**Your instructions**:
Among the lines below, restate word for word only those from the line with "Höfer Chemie 6" through the line with "Zulay Kitchen Handheld", with both end lines kept.

**Excerpted records**:
● ● ● ● ● ● ●

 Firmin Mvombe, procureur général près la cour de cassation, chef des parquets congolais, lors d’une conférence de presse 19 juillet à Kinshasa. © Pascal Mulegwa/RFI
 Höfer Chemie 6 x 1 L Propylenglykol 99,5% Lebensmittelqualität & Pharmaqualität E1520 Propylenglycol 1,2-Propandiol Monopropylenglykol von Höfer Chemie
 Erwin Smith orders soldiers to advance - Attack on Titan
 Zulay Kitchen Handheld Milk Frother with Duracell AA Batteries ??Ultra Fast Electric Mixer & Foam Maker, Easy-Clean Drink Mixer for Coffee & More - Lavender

● ● ● ● ● ● ●

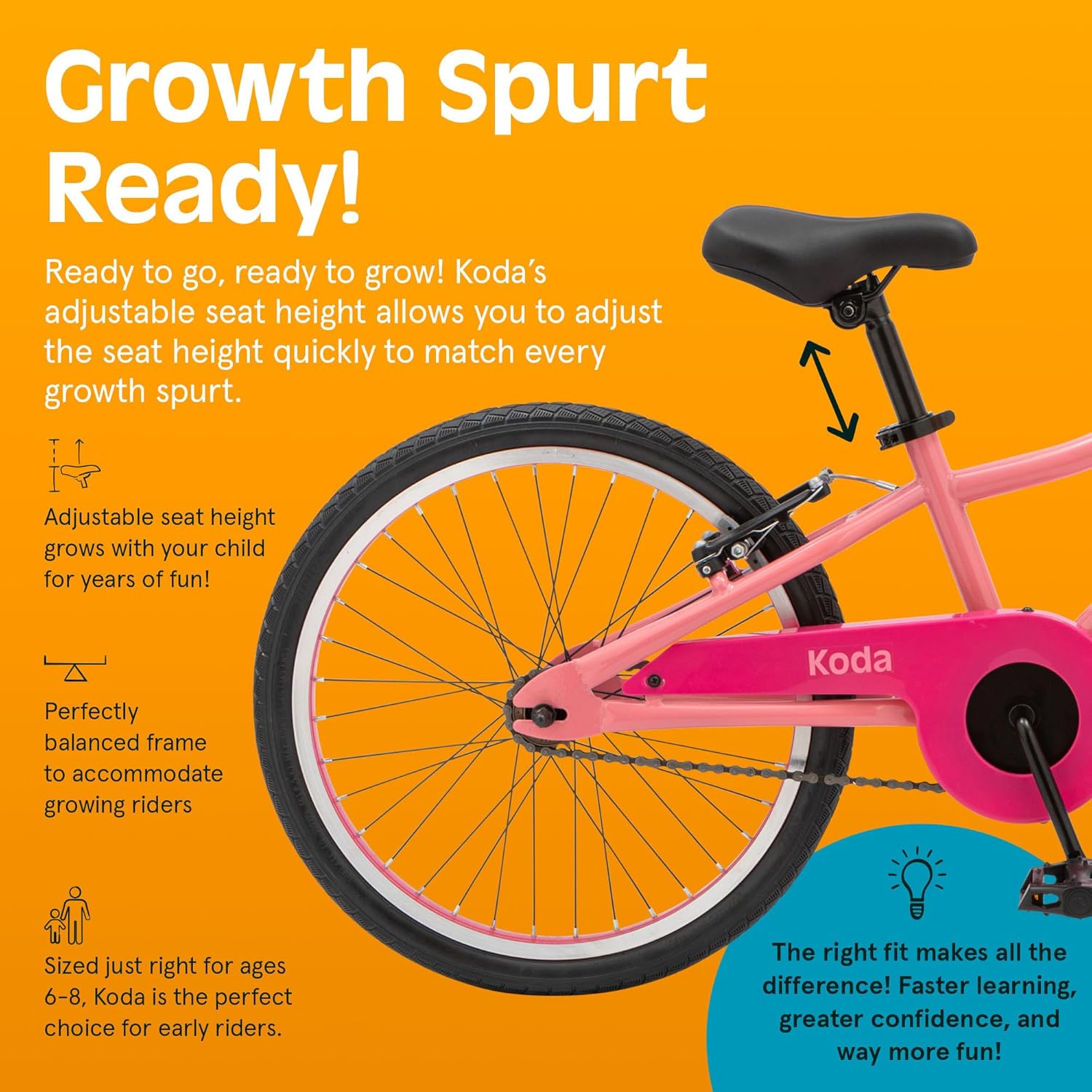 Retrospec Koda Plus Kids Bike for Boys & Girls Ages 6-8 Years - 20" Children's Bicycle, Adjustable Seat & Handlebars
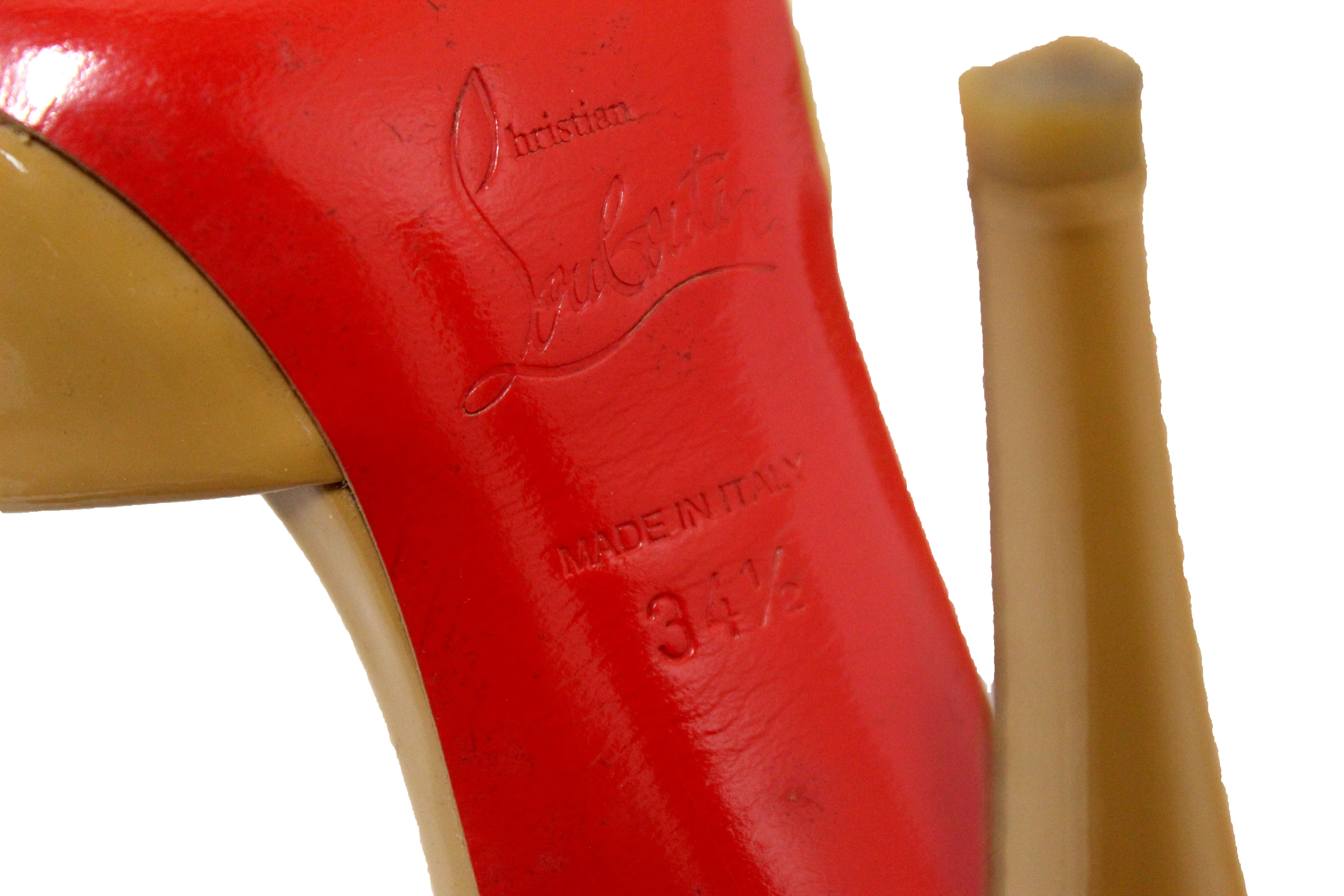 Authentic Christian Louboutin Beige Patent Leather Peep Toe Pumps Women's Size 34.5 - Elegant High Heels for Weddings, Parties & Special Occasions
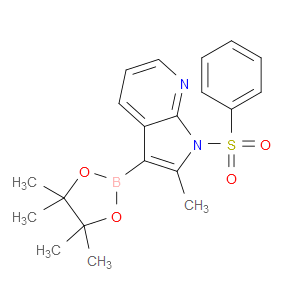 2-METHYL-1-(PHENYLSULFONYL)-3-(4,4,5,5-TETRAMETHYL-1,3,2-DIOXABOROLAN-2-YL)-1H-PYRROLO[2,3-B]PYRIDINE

● ● ● ● ● ● ●

**Result for this exercise**:
 Höfer Chemie 6 x 1 L Propylenglykol 99,5% Lebensmittelqualität & Pharmaqualität E1520 Propylenglycol 1,2-Propandiol Monopropylenglykol von Höfer Chemie
 Erwin Smith orders soldiers to advance - Attack on Titan
 Zulay Kitchen Handheld Milk Frother with Duracell AA Batteries ??Ultra Fast Electric Mixer & Foam Maker, Easy-Clean Drink Mixer for Coffee & More - Lavender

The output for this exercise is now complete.